> [Work instructions]: The listing below should be printed in full and exactly, apart from its images.

> [Dataset excerpt]:
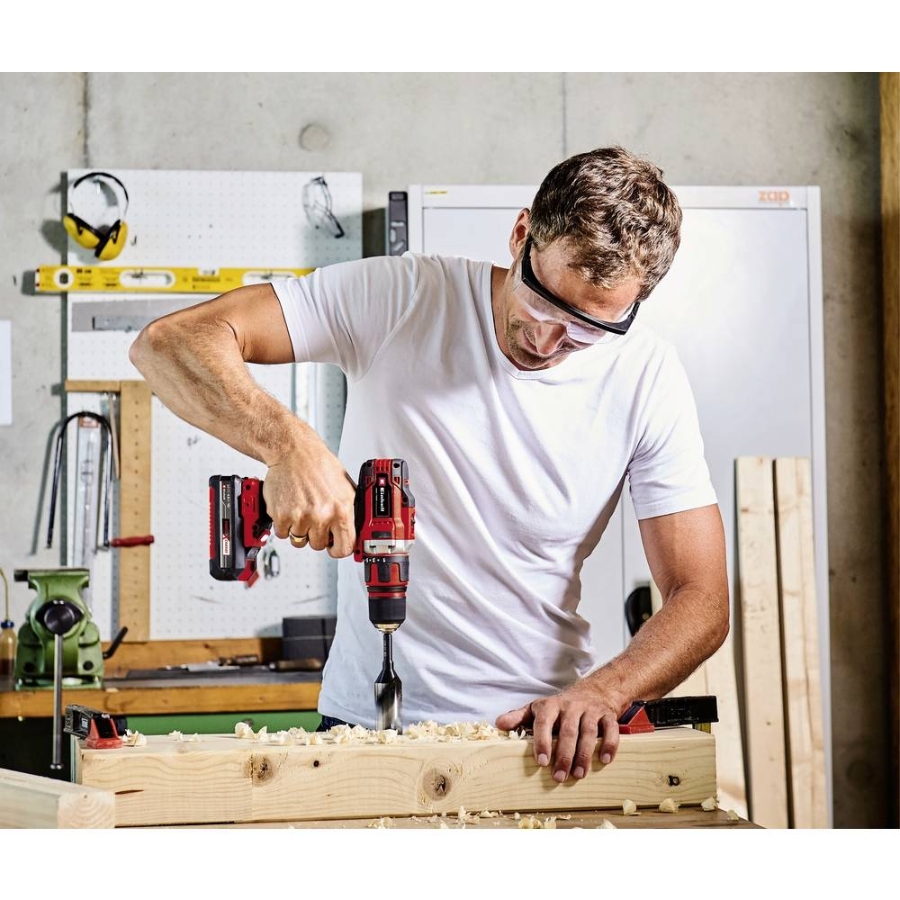 Einhell TE-TK 18/3 Li Kit (JS+CD+AG) Power X-Change Werkzeugset in Tasche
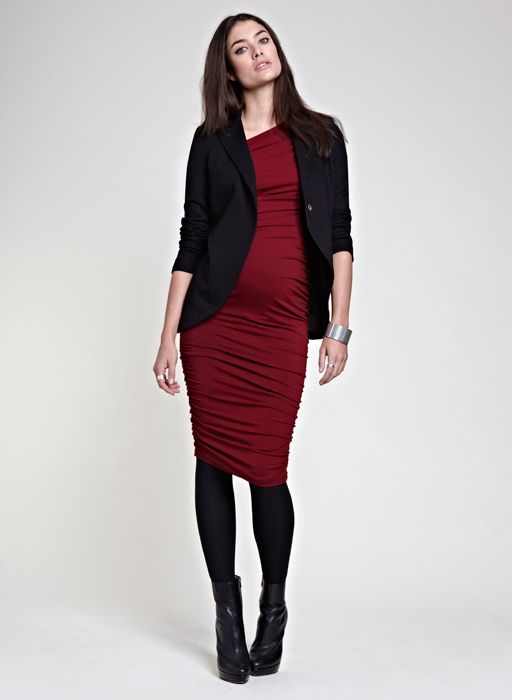 Maternity Work Outfits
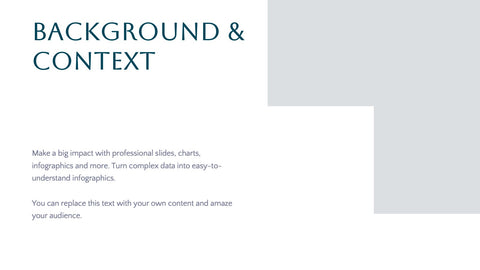 Luminous Qualitative Research Findings Presentation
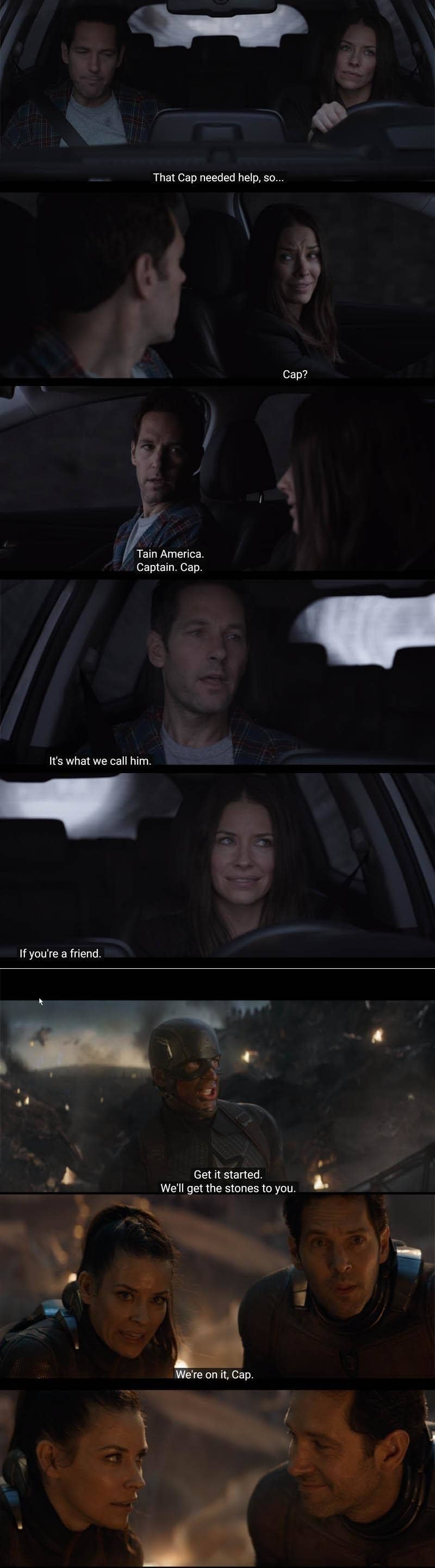23 Marvel Movie Details That Show How Much Thought Went Into Them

> [Final answer]:
 Einhell TE-TK 18/3 Li Kit (JS+CD+AG) Power X-Change Werkzeugset in Tasche
 Maternity Work Outfits
 Luminous Qualitative Research Findings Presentation
23 Marvel Movie Details That Show How Much Thought Went Into Them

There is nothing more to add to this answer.